The Kalahari Peoples Fund (KPF) is a non-profit organization formed for the benefit of the San and other peoples of the Kalahari desert region of southern Africa. KPF is a non-government advocacy group composed of anthropologists, development workers, and other interested individuals who have worked closely with the San or are familiar with the situations they are dealing with. KPF’s function is to act as a channel of communication between southern African peoples and the wider world, bringing information about their hopes and needs to interested individuals, groups, and agencies who are able to help them.

 

Since its beginning in 1973, KPF has responded to several requests for help made by San, Nama, and other rural southern African communities. It does this by raising funds and providing technical and advisory assistance. San and other Kalahari peoples are having to cope with rapidly changing conditions as populations have grown and development programs have expanded.
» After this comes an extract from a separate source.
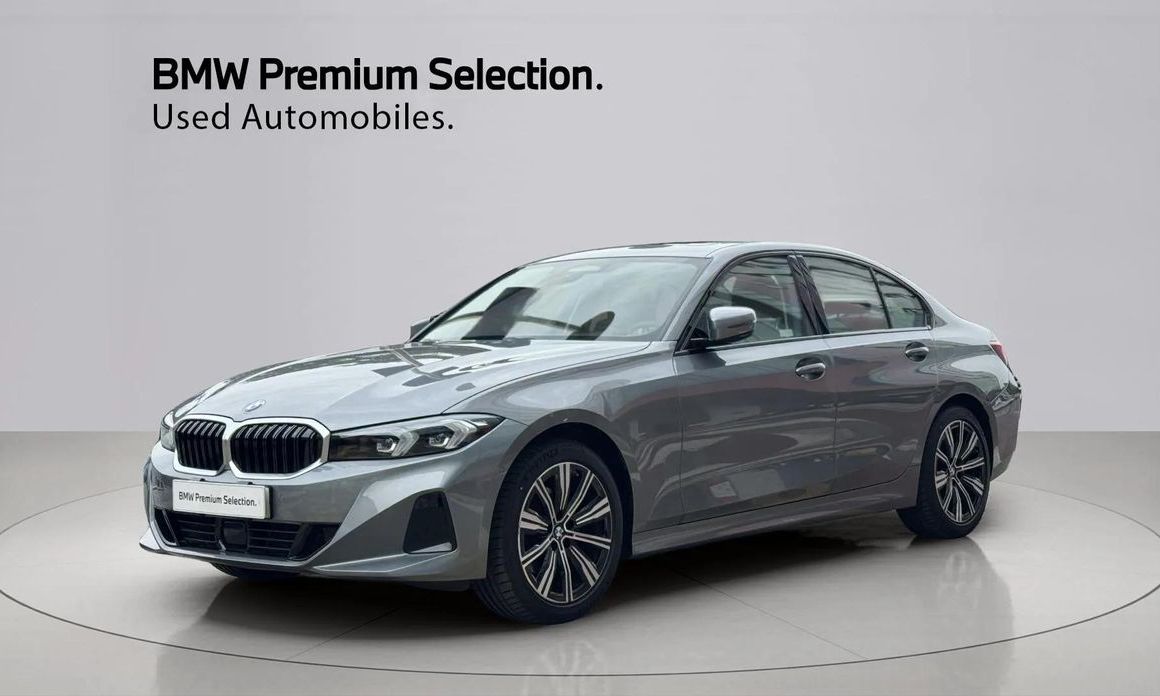 BMW 3-Series 320i, 2025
Political, economic, and environmental conditions have changed significantly, and local peoples have undergone transformations in the ways that they live and interact both among themselves and with the governments of the states where they live.

 

Currently, there are over 115,000 people who see themselves as San in southern Africa. Nearly half of these people are in the Republic of Botswana, and a third are in Namibia. San are also found in Angola, Zambia, Zimbabwe, and South Africa. Some of the San and other groups face economic difficulties in part because they have not been able to take advantage of some of the opportunities offered to their fellow citizens due to remoteness, insufficient information about the availability of funds, or lack of technical assistance. Many San are dealing with problems of severe poverty and lack of security of land tenure.

 

Help provided by the KPF has taken several forms. It has provided an anthropologist to act as liaison between local people and government agencies in Ngamiland, Botswana. KPF also funded an agricultural adviser to the people of Ngamiland. Scholarships have been provided to enable children to attend school. KPF has also made available small grants to organizations to undertake community projects, such as an irrigation scheme in a rural Nama settlement in southern Namibia. In addition, KPF personnel have conducted research on development-related issues that has been used in the design of agricultural, income generation, and other kinds of kinds of community development projects.

 

Present KPF projects include assisting in curriculum development for education, providing scholarships for students, sharing information on community-based natural resource management and local-level development projects, capacity-building in local-level organizations such as community trusts, and compiling a detailed overview of the applications of research and development work conducted in the Kalahari Desert region. KPF continues to try and bring accurate and up-to-date information on the situations and aspirations of Kalahari peoples to public attention.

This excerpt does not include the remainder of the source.